RE: Factor implements 24-bit string type for Unicode support

From: Philippe Verdy (
Date: Wed Feb 06 2008 - 00:48:58 CST

  • Next message: Joe: "RE: Allocation of Georgian letters"

    > -----Message d'origine-----
    > De : Asmus Freytag []
    > Envoyé : mardi 5 février 2008 19:57
    > À :
    > Cc : 'Hans Aberg'; 'Jeroen Ruigrok van der Werven';
    > Objet : Re: Factor implements 24-bit string type for Unicode support
    > Phillipe gave some very interesting arguments (complete with specific
    > figures)

    Actually no. I was not very precise, on purpose. My conclusion was that
    there's no evidence that using UTF-32 alone or UTF-8 alone, or any other
    variant alone will give a universal performance advantage.

    Well, after rereading the message as you received it, I should have
    corrected some obvious typos (missing letters, or "é instead of 32 on my
    French keyboard).

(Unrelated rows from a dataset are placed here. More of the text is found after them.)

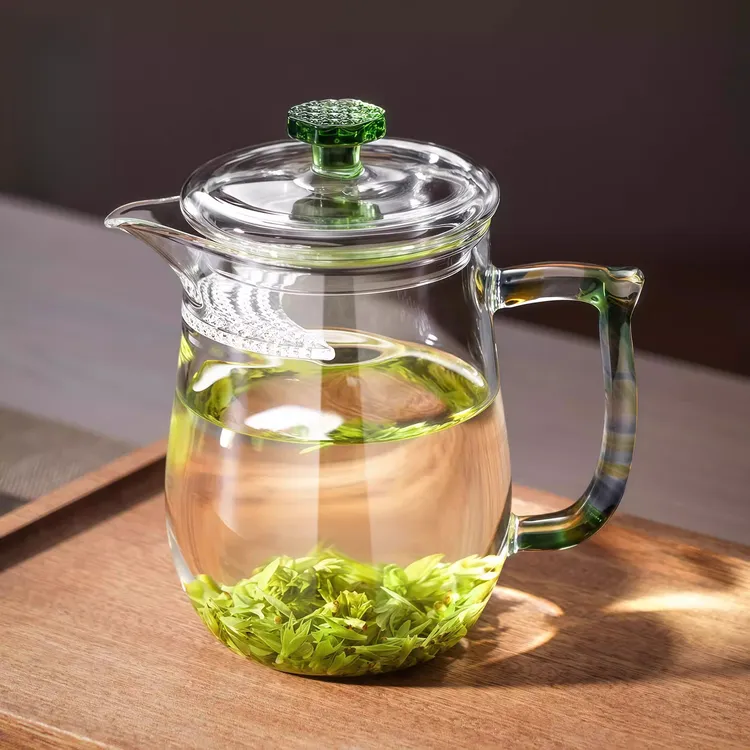 耐热加厚月牙公道杯高档高硼硅一体分茶水绿茶玻璃茶杯茶壶玻璃杯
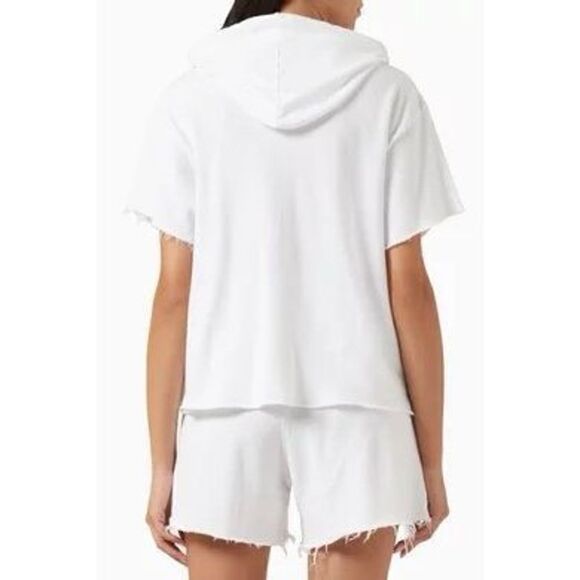 New Electric & Rose Costa Hoodie in French-terry Cloud - Picture 2 of 9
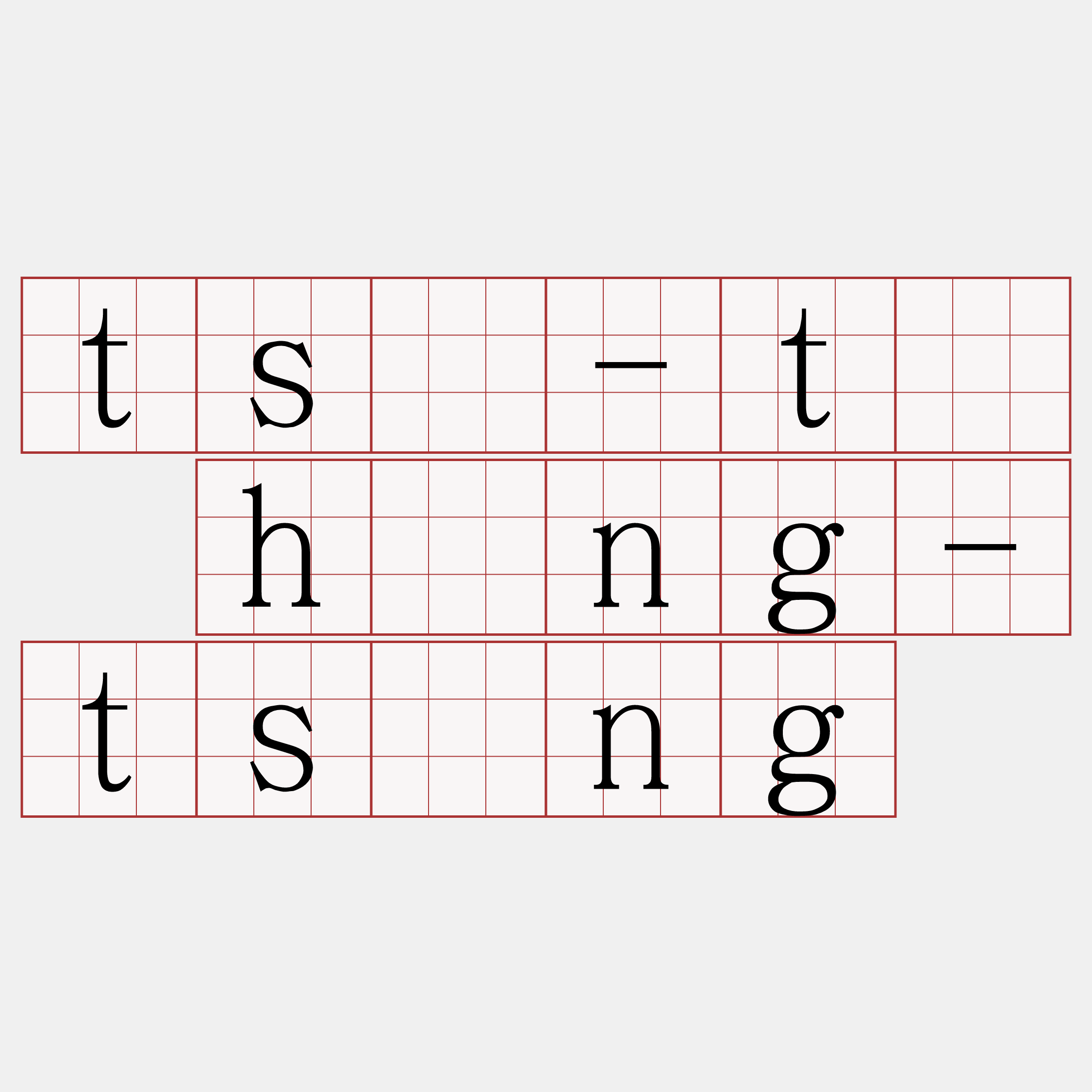 tsū-tī hîng-tsìng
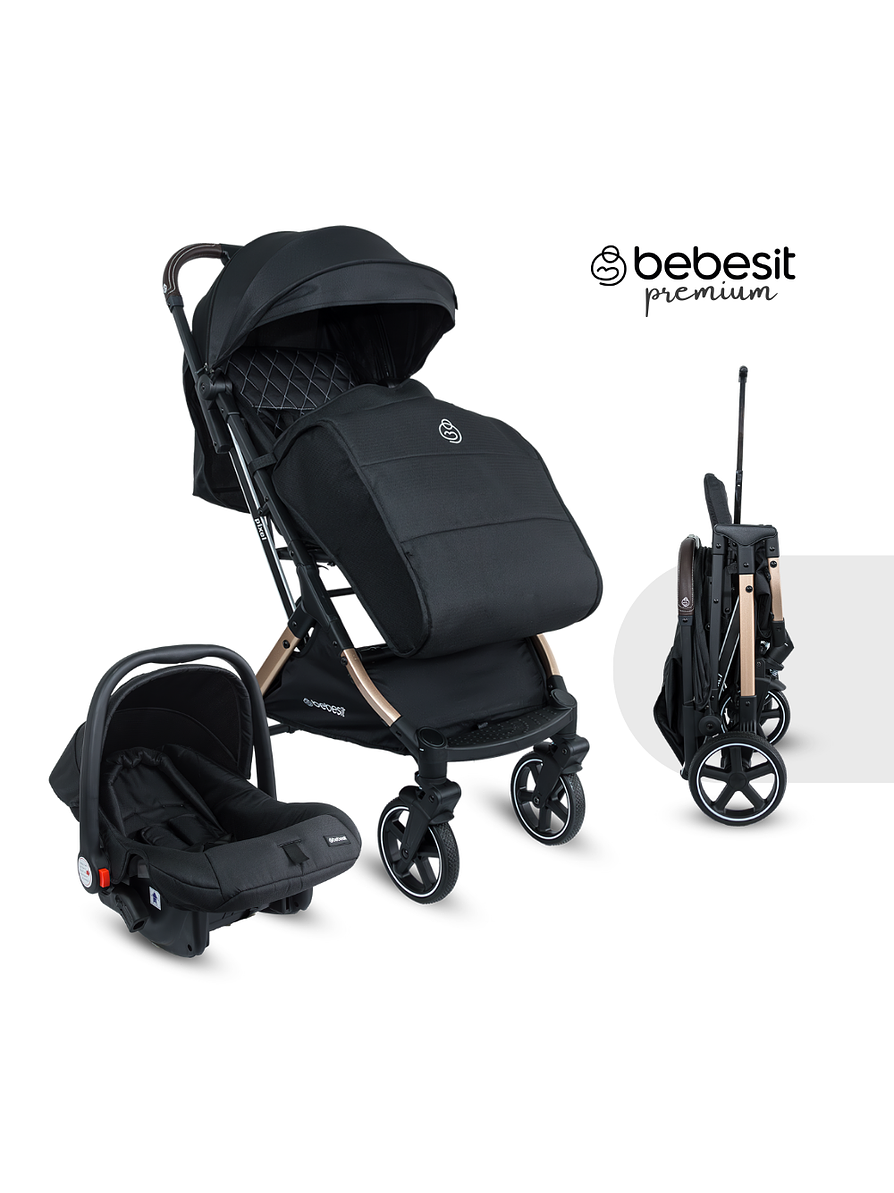 Coche Travel System Compacto Pixel Black Premium 1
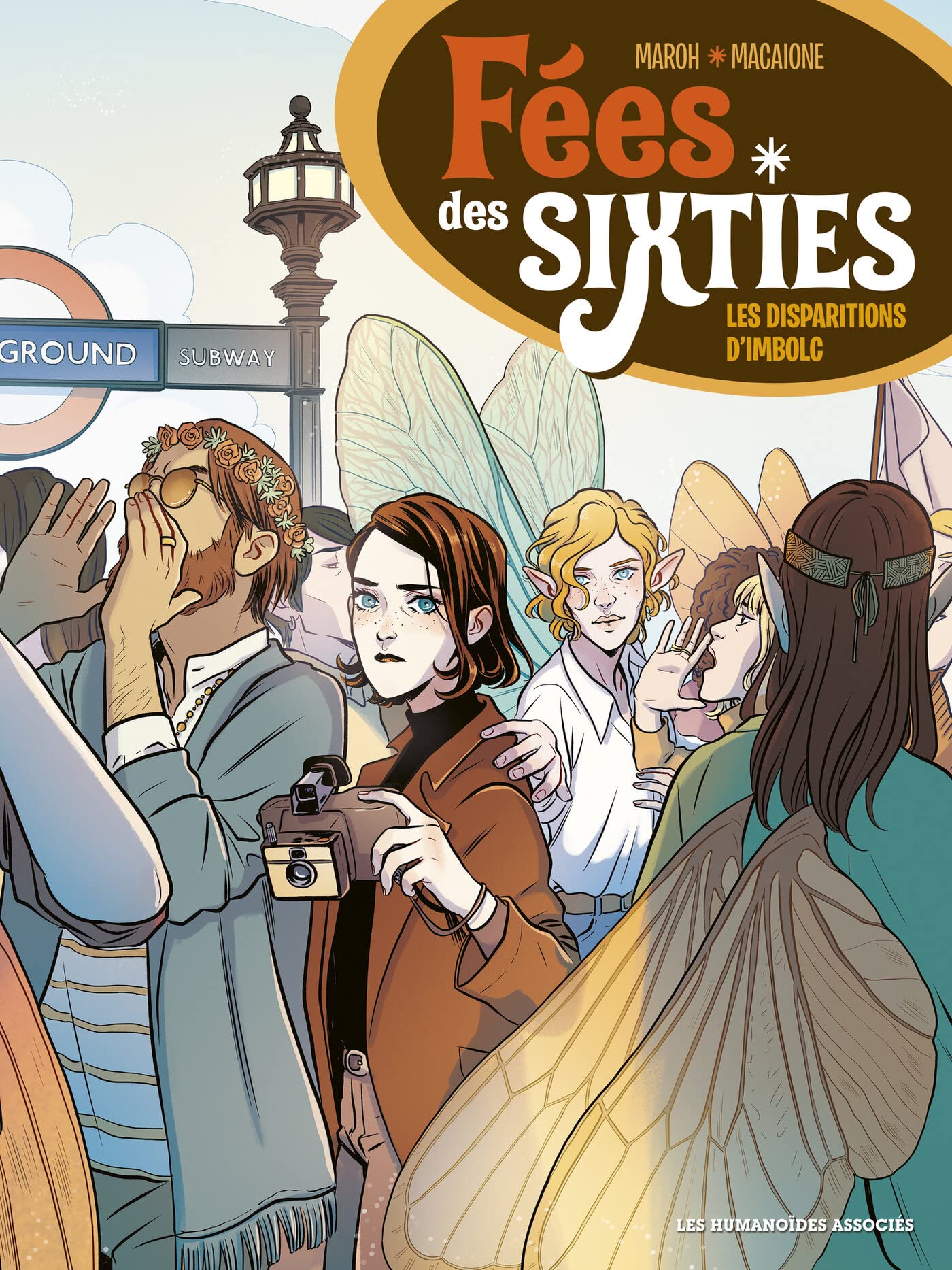 Fées des sixties book cover 1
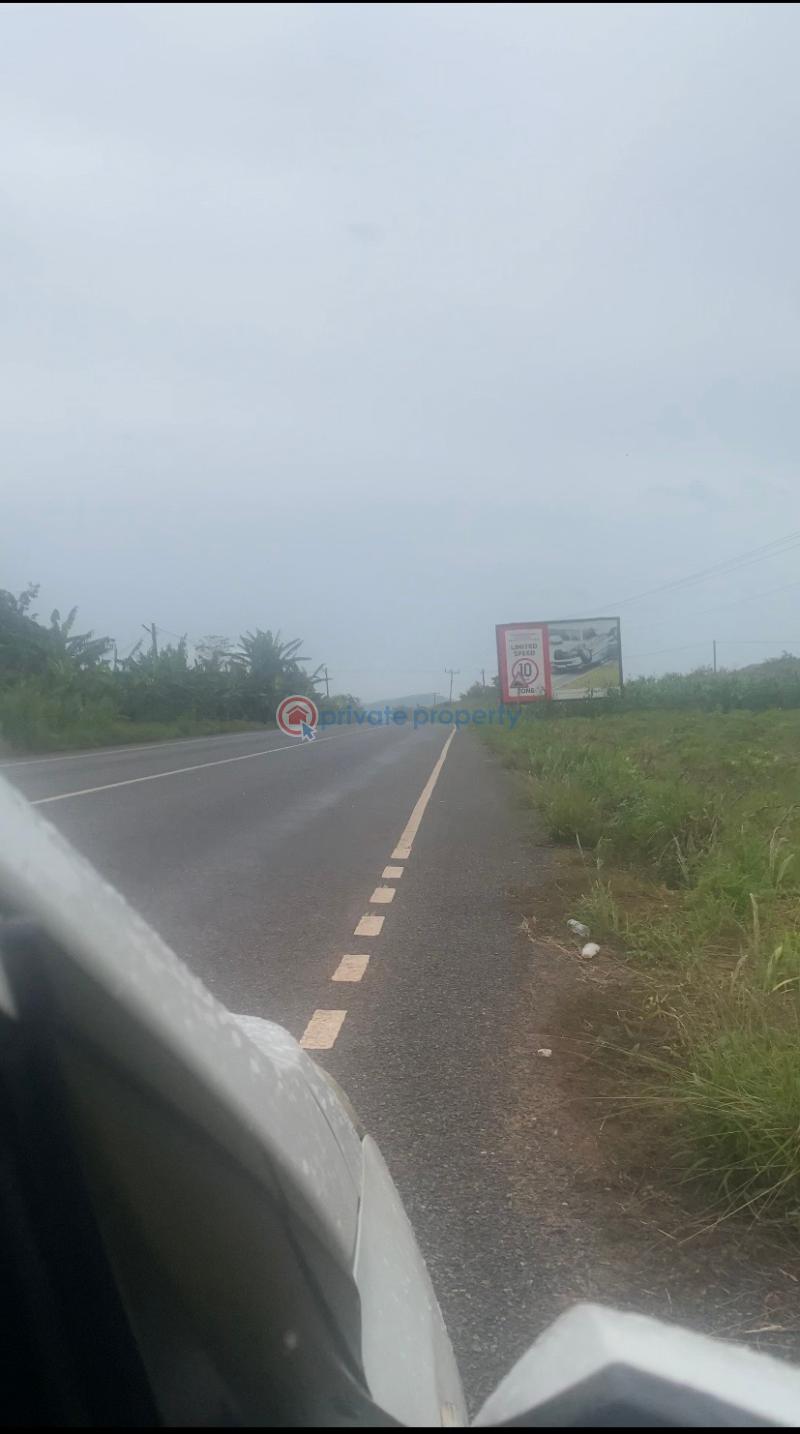 Commercial Land For Sale Safari Valley Eco Park To Asenema Water Falls Jubction Akuapim North Eastern Region - 1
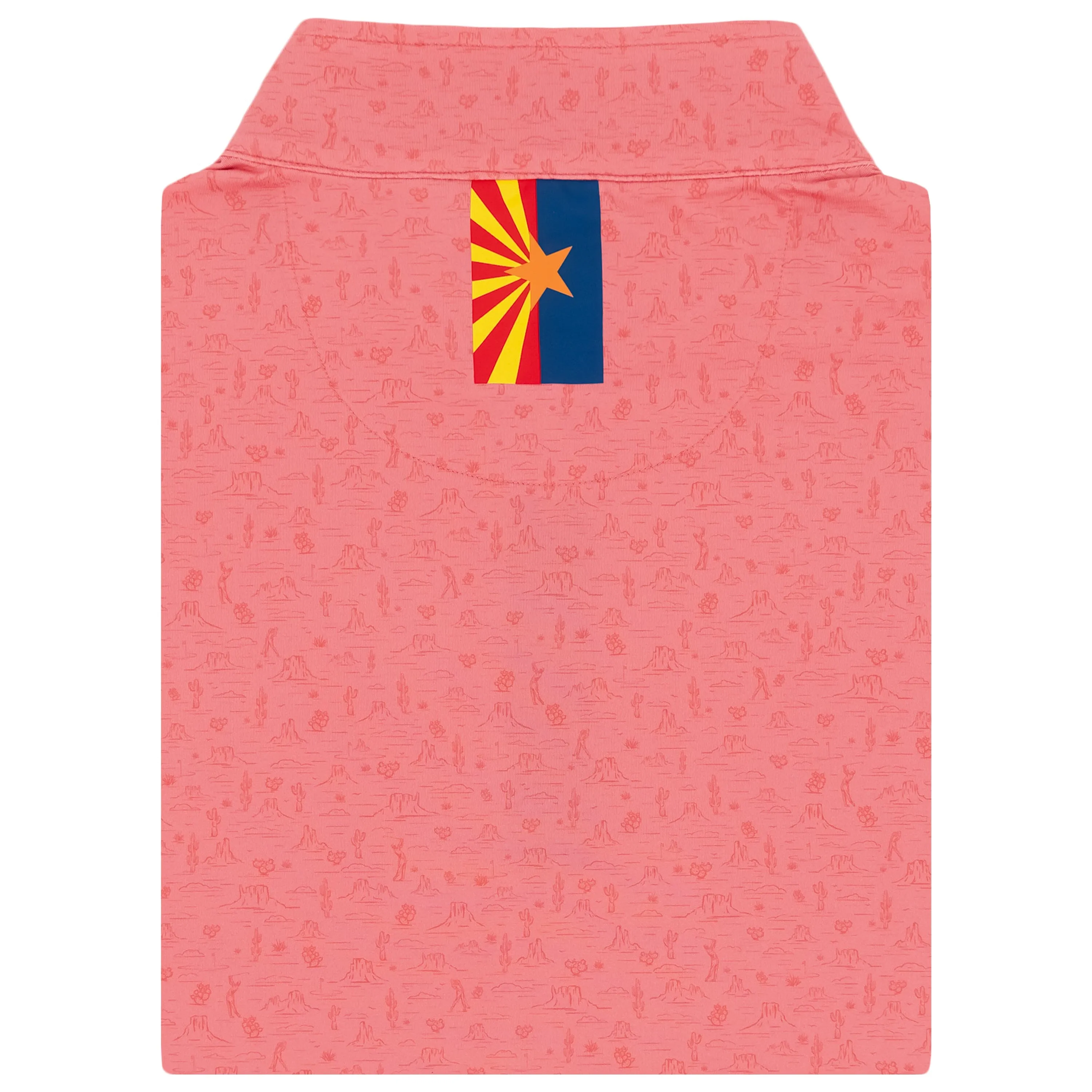 Prickly Putt Performance Q-Zip | The Prickly Putt - Washed Red - AZ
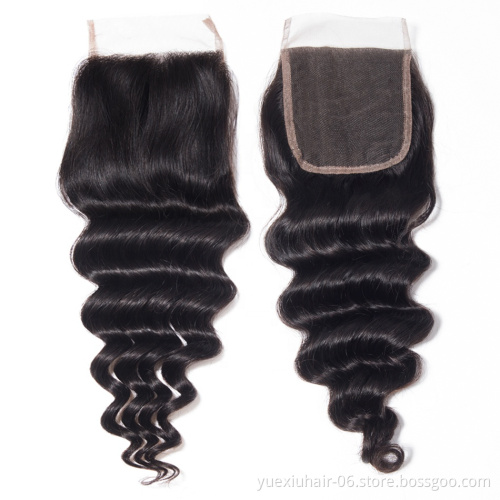 CELIE Cheap Remy Lace Frontal Closure 150% Density 4x4 Loose Deep Wave Lace Closure for Women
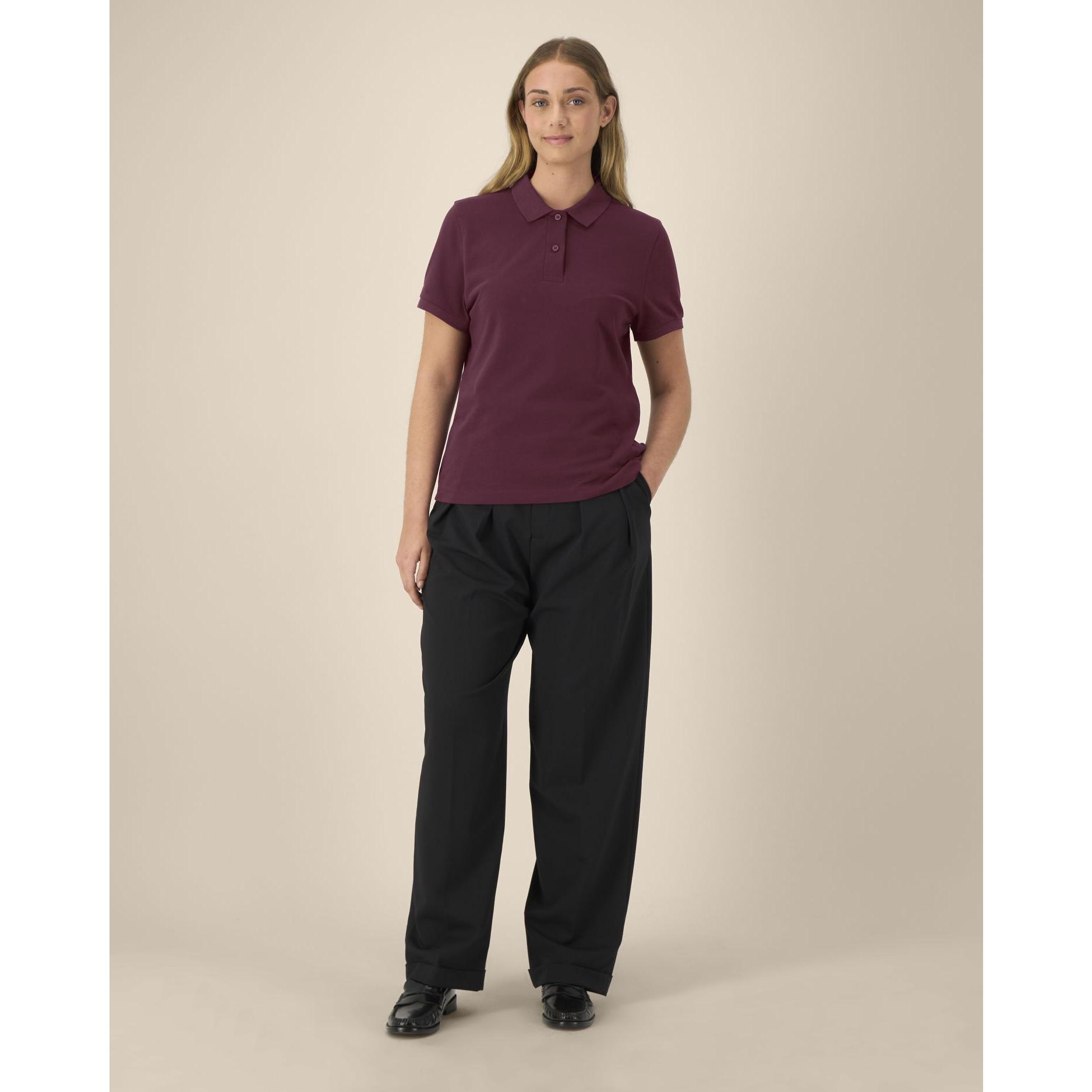 Tricou polo pentru femei Stella Coaster Deep Plum XS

Sorry for the inconvenience, the message has gone too fast
    (blame CTRL+Enter in Outlook for sending the message immediately while
    editing it...).

    > but without citing his evidence or stating the assumptions. A
    > thorough comparison of the performance of large data volumes in the
    > various encoding forms would be interesting.

    My point is that all performance figures will be dependant on the volume of
    data to handle and where it is located (or comes from or will go to). That's
    because our modern architectures are much more complex now, with data going
    through many more datapipes with various performance bottlenecks, and
    various internal caches that are impossible to predict in a rule in some
    precompiled software.

    I don't think that this will ever become simpler in the future, and we'll
    have to live with the fact that the computing architecture will necessarily
    be heterogeneous, and that software will have to use auto-adaptative
    features (that's a good point for the newest architectures based on virtual
    machines, that are not optimized too early, but allow autoadaptation on the
    final target host on which the software will effectively run).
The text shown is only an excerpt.